Darren Aronofsky’s The Whale, adapted from Samuel Hunter’s 2012 stageplay of the same name, emulates a feeling of dread and isolation as the story follows Charlie, played by Brendan Fraser, an English professor who teaches writing courses online, camera off, making an excuse that it is broken when he actually does not want to be seen in his current state of mind and body.
Charlie is obese and, after his friend Liz checks up on him, is suffering from congestive heart failure. Throughout the film, he eats food after every painful scene, a bucket of chicken or pizza, to relieve him of stress or to accelerate his worsening condition. Charlie refuses to go to the hospital, he wants to end his pain.
Each laboured breathing felt as if my own. The plot points flew over my head as I focused on Brendan Fraser’s acting, the final wish to do something good in his final days, his relationship with Liz and their arguing back and forth, the way he breathes, the way he walks, how other characters perceive him, do they find him disgusting, do they genuinely care for this flawed dying man, is genuine care the point of the film, and if not, how can Charlie do something if he cannot even walk properly in the first place?

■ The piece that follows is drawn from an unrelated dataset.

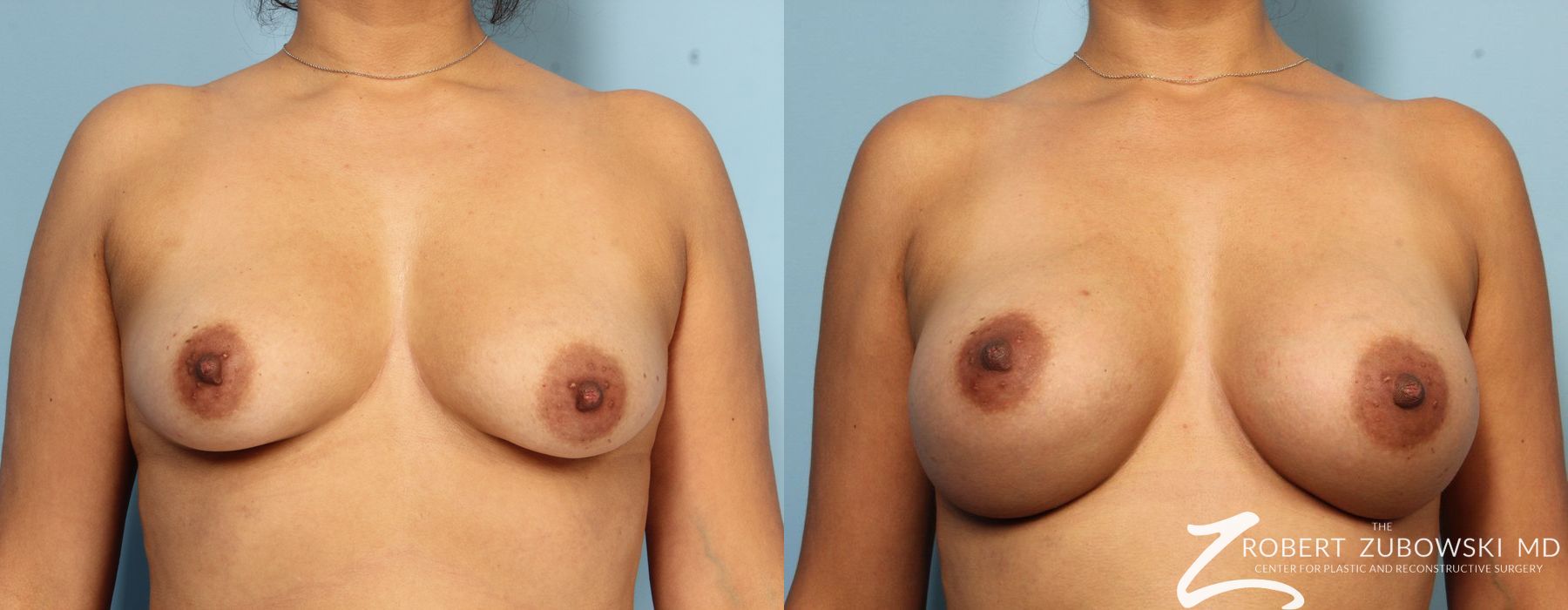 Breast Augmentation - Case 3640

I did not feel disgusted at all when I watched the film. I guess if I watched every movie featuring an obese main character on the brink of death I would have felt the same, but this is different, because it is an overweight gay person, aging alone, living a sorry life, always saying sorry, not living a healthy life after a loved one’s passing, waiting for death after a loved one’s passing; it is a story that feels too familiar or too close for a lot of people, and all that’s left to feel is sorry, and how powerless or mentally fatigued we, or people close to us, can be, in the face of something systemic or abrupt.

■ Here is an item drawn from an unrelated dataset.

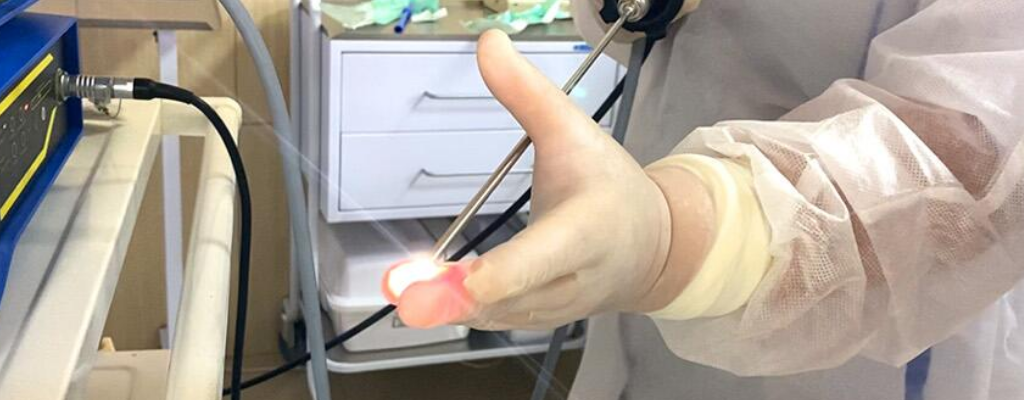 Цистоскопия (Фиброцистоскопия) у мужчин + Консультация уролога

There was no better way to narrate the story: the audience is informed early on of Charlie’s condition and his relationship with his daughter, what they know about each other, and how the film ends. There is no excuse for this flawed character: Charlie had a family, a wife and a daughter, he had a responsibility, and they needed him but he was gone. The film was not antagonistic, and it understands that while there are consequences to misdeeds, the suffering of women and queer people intersect, and it is painful how it continues with each passing generation, with almost no end in sight.